Stocks look to find solid footing this morning after tumbling yet again yesterday. The Dow Jones Industrial Average (INDEX: ^DJI) fell 33 points, or 0.26%, to 12,598, reflecting continued investor angst around the collateral damage a Greek exit from the eurozone would cause. The S&P 500 followed suit, falling 0.44% to 1,324, despite an early hours rally on encouraging April homebuilder and industrial production data, both ahead of expectations and suggesting improving conditions.

They don't call economics "the dismal science" for nothing, and luckily it's a pretty boring day on the economic data front. The international economic calendar is light, so outside of ongoing Greece-induced headlines, don't expect noise much from overseas. Domestically, weekly initial jobless claims released at 8:30 a.m. ET were expected to edge lower, to 365,000 from last week's 367,000 reading. Also on the docket at 10:00 a.m. are the Conference Board's Leading Indicator index and the Philly Fed Survey, which will shed some additional light on recent manufacturing trends.

In early trading, observers will key in on Wal-Mart (NYSE: WMT) numbers out this morning, as the world's largest retailer provides one of the best proxies there is for the state of the retail industry and consumer spending both domestically and abroad. Wally World looks to outpace competitor Target, which reported results after yesterday's close that were largely in line with analyst expectations.

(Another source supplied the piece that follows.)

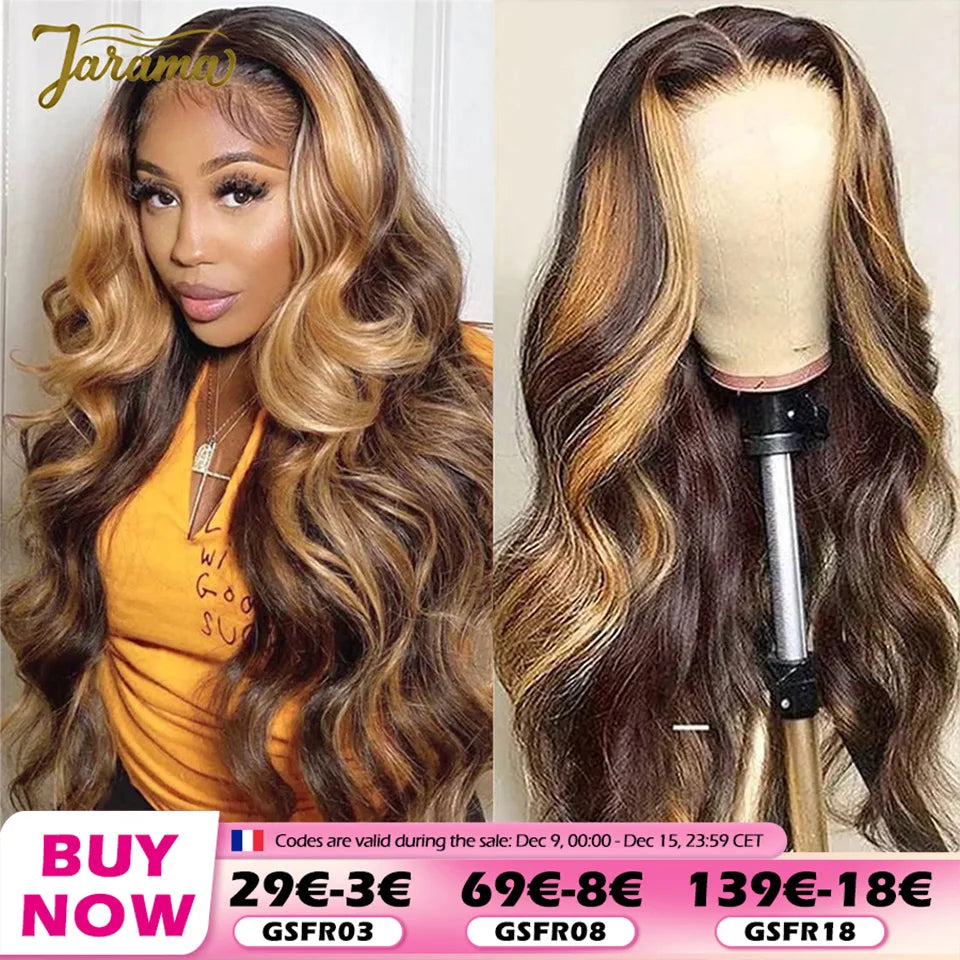 P4/27 Highlight Color Human Hair Wigs 13x4 Transparent Lace Frontal Wig Body Wave Human Hair Wig Brazilian Human Hair Wig Sale Natural Human Hair For Women 3 Day Delivery France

Away from the Dow, cloud-computing pioneer salesforce.com (NYSE: CRM) releases earnings after the close. Analysts are expecting 35% year-over-year revenue growth and 21% earnings growth to $0.34 per share. Shares have fallen more than 10% in the past week following Cisco Systems' (Nasdaq: CSCO) cruddy outlook for enterprise IT spending. There may be some competitive factors that Cisco is sweeping under the rug with the "macro-weakness" brush, so I'll be paying attention to any divergences in commentary on the call.

Also releasing earnings tomorrow is semiconductor equipment supplier Applied Materials (Nasdaq: AMAT). Taiwan Semiconductor, one of its largest customers, recently upped its capital-spending expectations, so I'm looking to see how that's reflected in Applied's results and forecast for the rest of the year.